If Meta is right, and AI actually does need new thinking around data-center construction to thrive at scale, the company will be in an interesting position a few years down the road. It’s hard to envision the Big Three cloud providers moving as quickly to redesign entire data centers around AI processing, given the vast majority of their business will remain focused on the old-fashioned compute and storage services that everyone operating on the internet needs.
But nobody actually knows what the metaverse will actually be. Facebook and Instagram are far past their prime as internet novelties. Meta is going to need to do something to recoup this massive investment in AI data centers should Zuckerberg’s big pivot amount to little.
It’s time to restart the clock on that years-long enterprise tech media barroom debate (we’re a lot of fun): when will Meta/Facebook take advantage of its massive data center operation and start offering cloud computing services to the enterprise?
Beats selling hair-loss ads.
Back up the truck
Given the slump in the stock market, uncertain consumer confidence levels making their customers worry, and widespread layoffs, you’d think enterprise tech is gearing up for a rough year. But that might not be the case, according to CNBC’s Technology Executive Council, a group of CIOs and CTOs (now that sounds familiar).

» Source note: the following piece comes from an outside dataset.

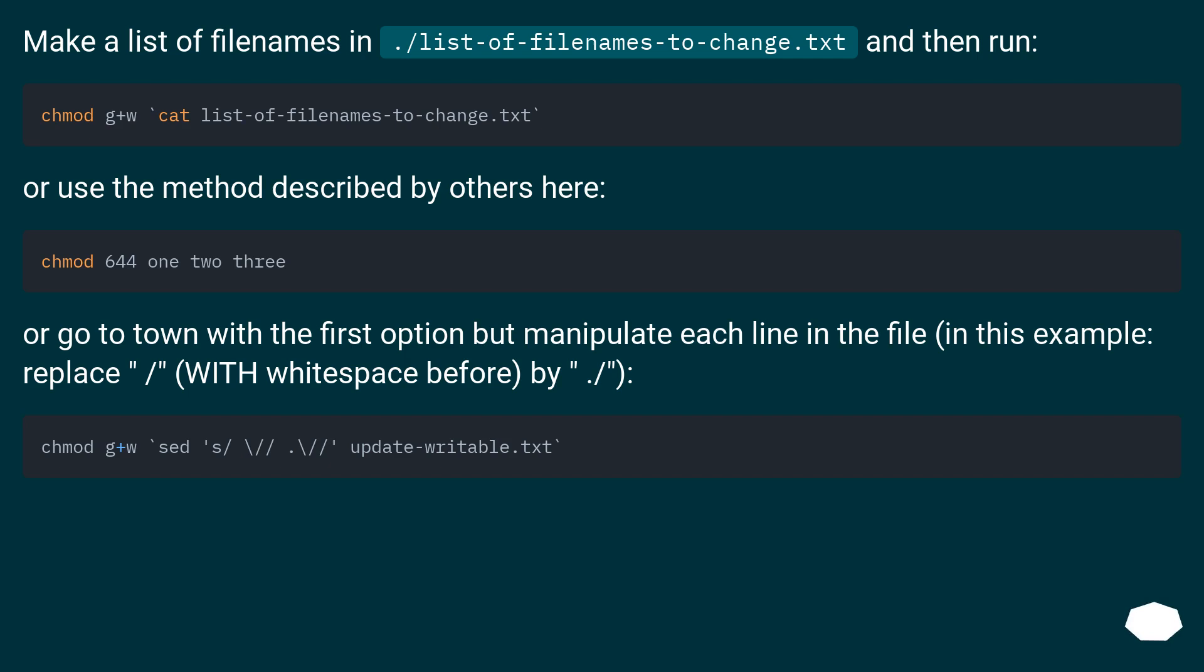Make a list of filenames in ./list-of-filenames-to-change.txt and then run chmod 644 $(cat list-of-filenames-to-change.txt).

Only 4% of that group said they planned to cut tech spending over the next year, with almost three-quarters saying they planned to increase spending in 2023. Granted, that’s an increase from earlier this year when nobody said they planned to decrease spending, but that’s still a very small number.

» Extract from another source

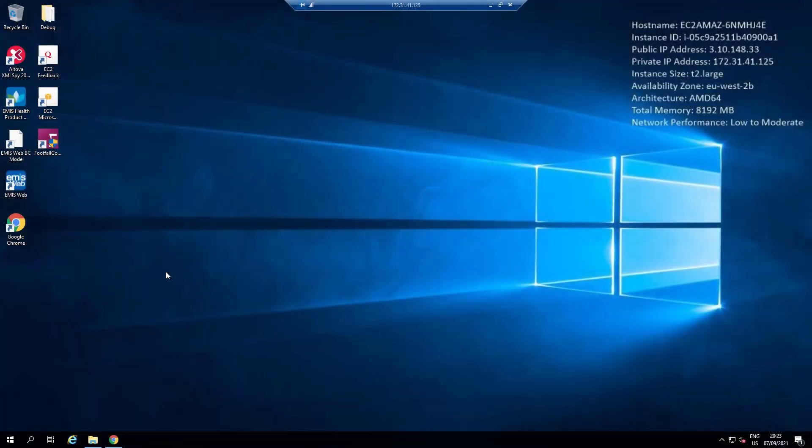In this demonstration we're going to show you how the EMIS integration works as well as the toolbar application Footfall Connect.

So much of the modern enterprise tech economy was still very new when the Great Recession hit in 2008, and people have had entire careers in this industry without experiencing the effects of a global economic downturn on their business. And while year-end predictions are for fools (ask me how I know), it’s starting to look like they’ll skate through this one as well.
One factor cited by CNBC’s panel was the belief that companies that pulled back on tech spending in the years after the Great Recession came to regret that decision after they fell far behind companies that didn’t. FOMO wins again.
Around the enterprise
The Linux Foundation gave birth to yet another foundation: The Overture Maps Foundation — founded by AWS, Meta, Microsoft, TomTom, and, very pointedly, not Google — will work to provide businesses with a way to incorporate ”open” mapping data in their applications without paying the Google Maps tax.
Spotify plans to try and make money off its open-source Backstage project, which gives developers a dashboard showing them a number of different application performance metrics.
Google will have to disclose how much water it is using at its data center in The Dalles, Oregon, which is also where you have to decide if you want to float your wagon down the Columbia River or trek over the mountain to Oregon City in the classic video game.
There’s another billion-dollar military cloud contract up for grabs: The Army wants somebody to build an “easy button" migration system for on-premises workloads to cloud servers, which, good luck.